Güncelleme Tarihi:
Akdemir, doğumsal kalp hastalıkların büyük oranda tedavi edilebildiğini ancak bunun için “altın dönem” denilen belirli bir zaman periyotu olduğunu söyledi.
Doğumsal kalp hastalıklarının sebebinin tam olarak bilinemediğine işaret eden Akdemir, Bazı durumlarda genetik geçişin yüksek risk taşıdığını ifade ederek, nedenin kesin olarak şudur denemeyeceğini vurguladı.
Doğumsal kalp hastalıklarının birçok disiplini ilgilendiren bir hastalık olduğuna dikkati çeken Akdemir, şunları söyledi:
“Doğumsal kalp hastalıkları farklı bir konu ve gerçekten değişik bir disiplin adı altında izlenmesi gerekiyor. Anne karnındayken daha çok kadın doğumcuları ve embriyologları ilgilendiriyor. Doğduktan sonra çocuk kardiyologlarını ve çocuk sağlığı hastalıkları uzmanlarının incelemesi alanına giriyor. Belli bir yaşın üstünde de erişkin kardiyologlar tarafından takip ediliyor. Bu işin bir de cerrahisi var yani çoklu disiplin ilgilendiren bir hastalık grubu.”
ANNE KARNINDA TEŞHİS
Doğumsal kalp hastalıklarının anne karnında teşhis edilebileceğini dile getiren Akdemir, Türkiye'deki sağlık sisteminin geldiği noktada bu tür hastalıkların tespitinin kolaylaştığını söyledi.
Genelde kadın hastalıkları ve doğum uzmanlarının hastalarının tamamına ultrason yaptığını ve kuşku duyulan hastaların 2. düzey ultrasonla daha detaylı bir incelemeden geçirildiğini belirten Akdemir, yetişmiş uzmanlar tarafından yapılan bu detaylı taramayla bebekte ne tür kalp rahatsızlıklarının olduğunu, bu rahatsızlıkların ölümcül olup olmadığının tespitinin yapıldığını ifade etti.
"KALP BÜTÜN ORGANLARI İLGİLENDİREN HAYATİ BİR ORGAN"
Kalbin bütün organları ilgilendiren hayati bir organ olduğunun altını çizen Akdemir kalpteki herhangi bir gelişme kusurunun tek başına etkili olmadığını, genelde eşlik eden bir takım bulguların olduğunu söyledi.
“Örneğin bir yerde delik varsa diğer damarda daralma olabilir”diyen Akdemir, “Kalbinde bir hastalık varsa böbreğinde de, beyninde de, gözünde de olma sıklığı artar. Bir takım hastalık birliktelikleri dediğimiz sendromlarla birlikte olabilir. Tek başına bir delik ya da tek başına bir doğumsal kalp hastalığı diye bakmamak lazım” diye konuştu.
Doğumsal kalp hastalıklarının teşhis edildikten sonra bir takım sınıflamalara tabi tutulduğunu aktaran Prof.
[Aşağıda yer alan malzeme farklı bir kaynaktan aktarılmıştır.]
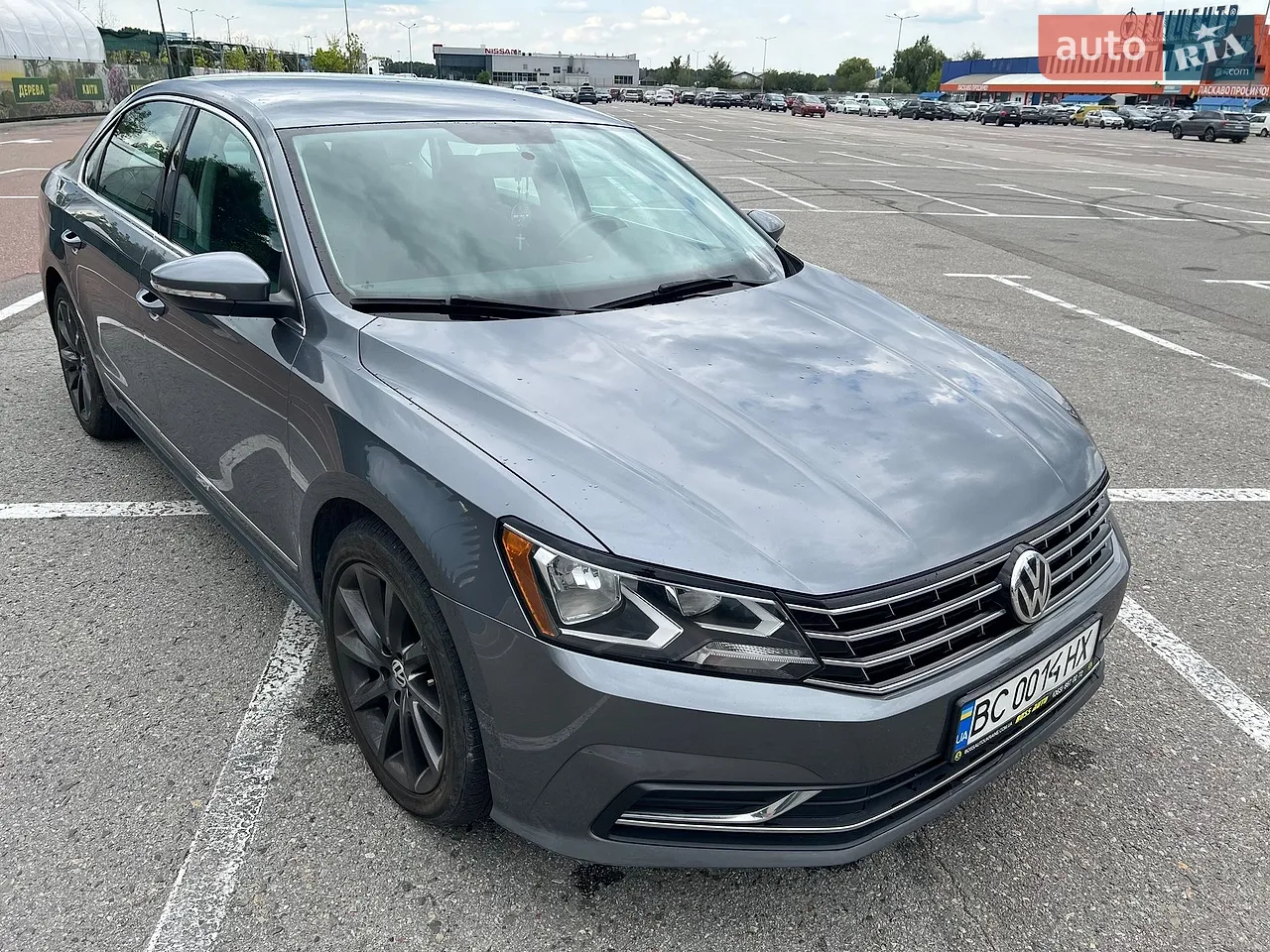 2017 Volkswagen Passat - фото 1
Dr. Akdemir, “Hastalıkların hemen hemen yüzde 90'ına yakınında açık cerrahi ya da kapalı tedavilerle nihai bir çözüm bulunabiliyor” dedi.
Doğumsal kalp rahatsızlıklarında doğumun kalp merkezlerinde yapılması gerektiğini belirten Akdemir, doktorlar olarak, doğar doğmaz müdahale gerektiren bebeklerin, pediatri merkezlerinde yapılması önerisinde bulundu.